Village President Frank Paris last Monday said that he’d hoped the ordinance could be decided then, but acknowledged that was likely unrealistic with three brand new trustees on the board.

Trustee Susan Conti was already familiar with ordinance from her time serving as Village Clerk, but trustees Stephen Hoke and Stephen Dudek each said they had a couple of issues due to their newness to the board.

Dudek said he attended some past village board meetings and was concerned about the cost of implementing such an ordinance. He said he wanted feedback from the village staff at the next meeting to know what the total price tag will be for village taxpayers.

Hoke said he would like to see an education program about the ordinance to tell the public more about it. He also questioned the nature of the ordinance.

“I’m not confident that what we’re doing is really going to have any impact,” he said. “I’m very suspect of ordinances for ordinances’ sake, and I don’t think we should burden the village code with a landmark ordinance that no one’s going to take advantage of.”
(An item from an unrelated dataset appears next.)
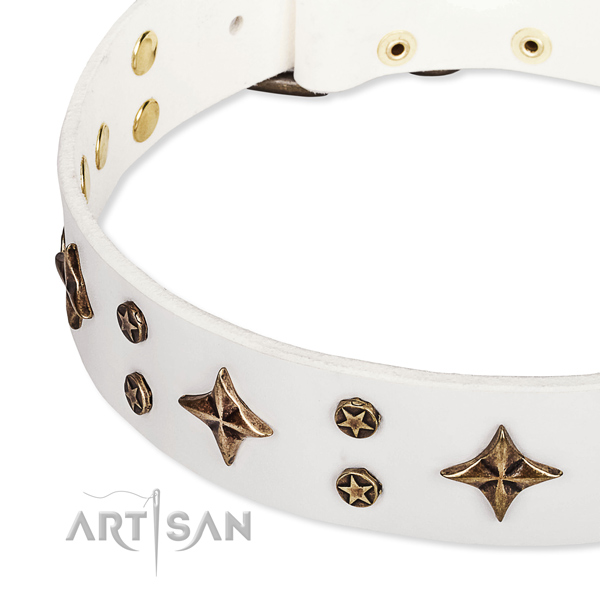 Everyday walking decorated dog collar of top notch genuine leather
He said he’s supportive of the landmark process but wonders if it might be better to rely on some of the alternatives that are offered by the state.

When Paris said there would probably be between 12 and 15 homeowners who took advantage of the ordinance and Hoke questioned whether that small amount was worth all the time and effort being put into crafting and passing it.

Despite some of the issues, the board seemed to be nearing a point where it could vote on the ordinance. Trustee Russ Nummer, who has posed a number of skeptical questions regarding details of the proposed ordinance in the past, held up his fingers an inch apart and said “We’re this close.”

Trustee Patrick O’Brien, a supporter of the measure, said he was ready to vote this past Monday and it was time to put the conversation to rest.

“I think we’ve gotten to the point where we’ve almost talked it to death,” he said.

In light of the discussion, the board agreed to go through the language of the ordinance line by line at its next regular meeting on May 29. They hope to iron out any wrinkles and reach a consensus that all issues have been addressed before taking a final vote.